Fuer vier Tage habe ich eine viertaegige Kanutour mit Freunden gemacht und ganz ohne Tyrel geplant, gepackt, gepaddelt und gelagert. Er musste arbeiten und hat sich um die Huehner gekuemmert.



Und was mir mit Abstand am schwersten fiel:
Ich habe Hahn Jumanji gekoepft und zu Suppe verarbeitet.
Fuenf Haehne hatte ich insgesamt. Einen habe ich behalten, drei habe ich zu neuen Huehnerharems vermitteln koennen. Doch Jumanji… er hat Klumpfuesse bekommen, was immer ausgepraegter wurde je schwerer er wurde. Am Ende konnte er weder scharren noch in den Stall huepfen ohne regelmaessig umzufallen. Auf eine Sitzstange fuer die Nacht fliegen klappte auch nicht. Ich wusste nicht, ob ihm die Fussfehlstellung Schmerzen bereitet hat. Aber in der letzten Woche seines Lebens wurde er richtig fies zu seinen Mithuehnern und auch zu mir und griff gerne an, wenn man in seine Naehe kam. Ich koennte jetzt einen Vergleich ziehen zu einem Propagandaminister mit Klumpfuss, aber lasse es lieber.
Ihn zu schlachten, was in der Theorie logisch klang, war nicht mehr so einfach als er vor mir lag und mich ansah, waehrend ich das Beil ansetzte. Doch eine Alternative sah ich nicht.
Jemand anders fragen, die Handlung fuer mich zu erledigen?
Nicht selbstverantwortlich.
Ihn leben lassen?
Nicht verantwortungsvoll ihm gegenueber (wobei ich mir bewusst bin, dass es dazu andere Meinungen gibt).
Ihn beerdigen?
Nicht fair gegenueber all den anonymen Lebewesen, die ich bisher in meinem Leben gegessen habe. Die waren genauso am Leben wie Jumanji, nur dass sie keinen Namen hatten, nicht mit ihnen gekuschelt wurde, sie weder gekannt noch geliebt wurden.
Waere es besser, wenn er nach dem Schluepfen direkt geschreddert worden waere, wie es zu Millionen geschieht?
Waere es besser, sich mit Fleischkomsum nicht naeher zu befassen und einfach im Supermarkt zu kaufen, was sauber abgepackt im grell beleuchteten Regal steht?
Waere es besser, vegan zu leben?
Viele Fragen auf die nur jeder selbst eine Antwort finden kann.
Fuer mich ist es okay Tiere zu essen, wenn ich mich aktiv damit auseinandersetze und daran teilhabe. Daher jage ich, arbeite ich in der Fleischerei und esse meine Huehner, wenn ich keine andere Moeglichkeit sehe, sie ein glueckliches Leben fuehren zu lassen.
Trotzdem:
Tut mir leid, Jumanji.
Danke Jumanji.
Ich hab dich gern Jumanji!




Nun ist Hahn Daisy der Chef in der Gruppe. Seine Zehen sind zwar auch nicht perfekt gerade, aber das ist nur ein Schoenheitsfehler – er kann scharren, springen und laufen ohne Probleme.

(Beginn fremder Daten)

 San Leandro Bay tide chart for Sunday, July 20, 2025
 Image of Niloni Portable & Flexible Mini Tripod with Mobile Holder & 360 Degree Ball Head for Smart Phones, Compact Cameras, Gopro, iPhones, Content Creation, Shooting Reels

Aber die letzten Wochen waren nicht nur schwer und wegweisend. Sie waren auch voller schoener Momente, Lachen und Bewunderung fuer die Natur.



Zum Beispiel habe ich endlich das perfekte Dankeschoen Geschenk fuer meine Freunde gefunden, die die Kueken in den ersten Wochen grossgezogen haben: Kissen, die mit einem Bild ihres Lieblingshuhns bedruckt wurden.

Natuerlich gab es auch viele schoene Momente mit den Huehnern.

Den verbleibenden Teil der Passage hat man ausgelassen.